The motor 100 comprises a rotor 10 housed inside the cavity 200. The rotor 10 is rotatably mounted with the stator 20 and rotates around a pivot axis R.

The rotor 10 is of cylindrical shape and comprises a discoidal body 11 which comprises outer walls 18 and two circular base walls 12, an upper circular base wall and a lower circular base wall. The outer walls 18 rise in a vertical direction starting from the lower circular base wall until reaching the upper circular base wall. Each circular base wall 12 comprises a geometric diameter which is smaller than the horizontal geometric dimensions of the base walls 29 of the stator 20. Each circular base wall 12 comprises a geometric centre Cl.

The motor 100 comprises a shaft 30 fixedly mounted with the rotor 10 and placed along the pivot axis R.

The pivot axis R is a vertical geometric axis passing through the geometric centre Cl and is perpendicular to first horizontal geometric planes identified respectively by the base walls 29 of the stator 20 and to second horizontal geometric planes identified respectively by the circular base walls 12 of discoidal body 11 of the rotor 10.

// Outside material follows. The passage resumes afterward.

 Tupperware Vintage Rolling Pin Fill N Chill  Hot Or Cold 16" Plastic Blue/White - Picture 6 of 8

The stator 20 has a shape which substantially follows a geometric cylinder.

The stator 20 comprises a cylindrical portion 282 which accurately follows the geometric cylinder. The inner walls 28 of the cylindrical portion 282 and the two base walls 29 of the cylindrical portion 282 of the stator 20 form a portion of the geometric cylinder. Each of the two base walls 29 comprises a portion of circular base wall that comprises a geometric centre, which, projected vertically on the pivot axis R, coincides with the geometric centre Cl of the circular base walls 12 of the discoidal body 11 of the rotor 10, as shown in figure

1.

The stator 20 comprises an oval portion 280 which is flattened along a radial direction in such way as to reduce the geometric radius of the geometric cylinder so that an outer wall portion 18 of the discoidal body 11 of the rotor 10 rotates in contact with the inner wall 28 of a first portion 281 of the oval portion 280 of the stator 20 as shown in Figure 1.

The first portion 281 of the stator 20 comprises a geometric set of tangent points, which define a tangency between the rotor 10 and the stator 20, wherein the tangent points are placed along a vertical geometric line.

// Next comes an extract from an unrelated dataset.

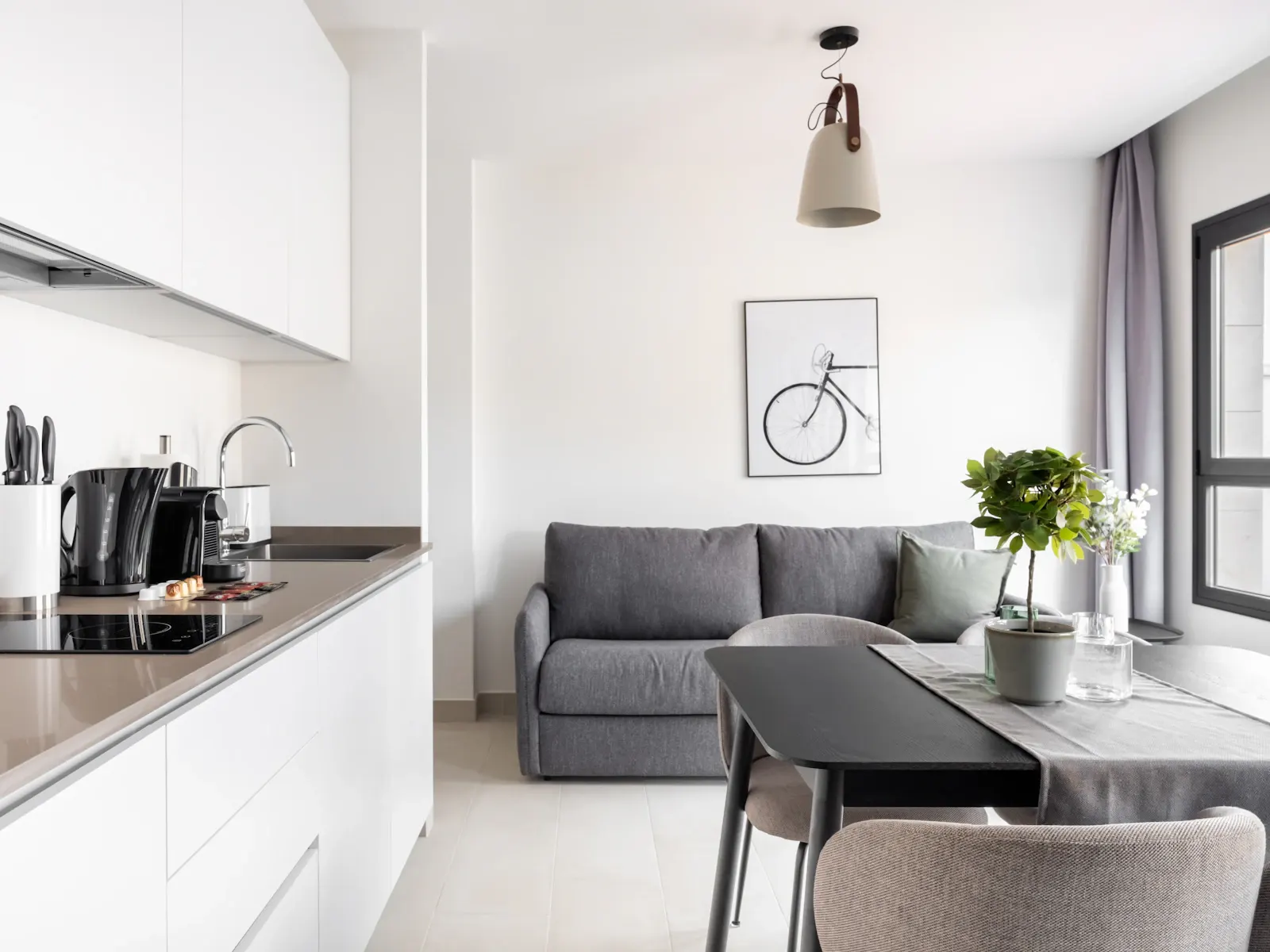 Limehome Seville Calle Torcuato Luca de Tena, serviced apartment in Seville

The rotor 10 comprises a multiplicity of radial housings 14 carved inside the discoidal body 11.

Each radial housing 14 of the multiplicity of radial housings 14 comprises a through opening 15 carved on said outer walls 18 inside the discoidal body 11. The through opening 15 sets the inside of the radial housing 14 in communication with the cavity 200.

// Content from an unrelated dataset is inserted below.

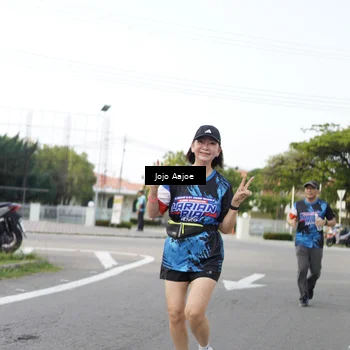 Runner Photo 7648360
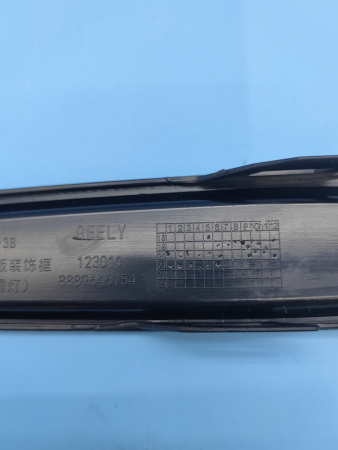 Молдинг ПТФ правый Geely Atlas Pro 6010101900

The rotor 10 comprises a multiplicity of elastic means 45. Each elastic means 45 of the multiplicity of elastic means 45 is housed inside a respective radial housing 14 of the multiplicity of radial housings 14. Each elastic means 45 is adapted to pass from a position of maximum compression to a position of maximum elongation. The position of maximum compression corresponds to a position of minimum elongation. The rotor 10 comprises a multiplicity of blades 40. Each blade 40 of the multiplicity of blades 40 is mounted with an elastic means 45 of the multiplicity of elastic means 45 and is in a thrust position against inner walls 28 of the stator 20 and in a sliding position against the two base walls 29 of the stator 20.

During the rotation of the rotor 10 around the pivot axis R each blade 40 of the multiplicity of blades 40 always remains in a thrust position against inner walls 28 of the stator 20 and in a sliding position against the two base walls 29 of the stator 20.

Preferably each blade 40 comprises an end 48 which remains in thrust contact against the inner walls 28 of the stator 20 throughout the rotation of the rotor 10.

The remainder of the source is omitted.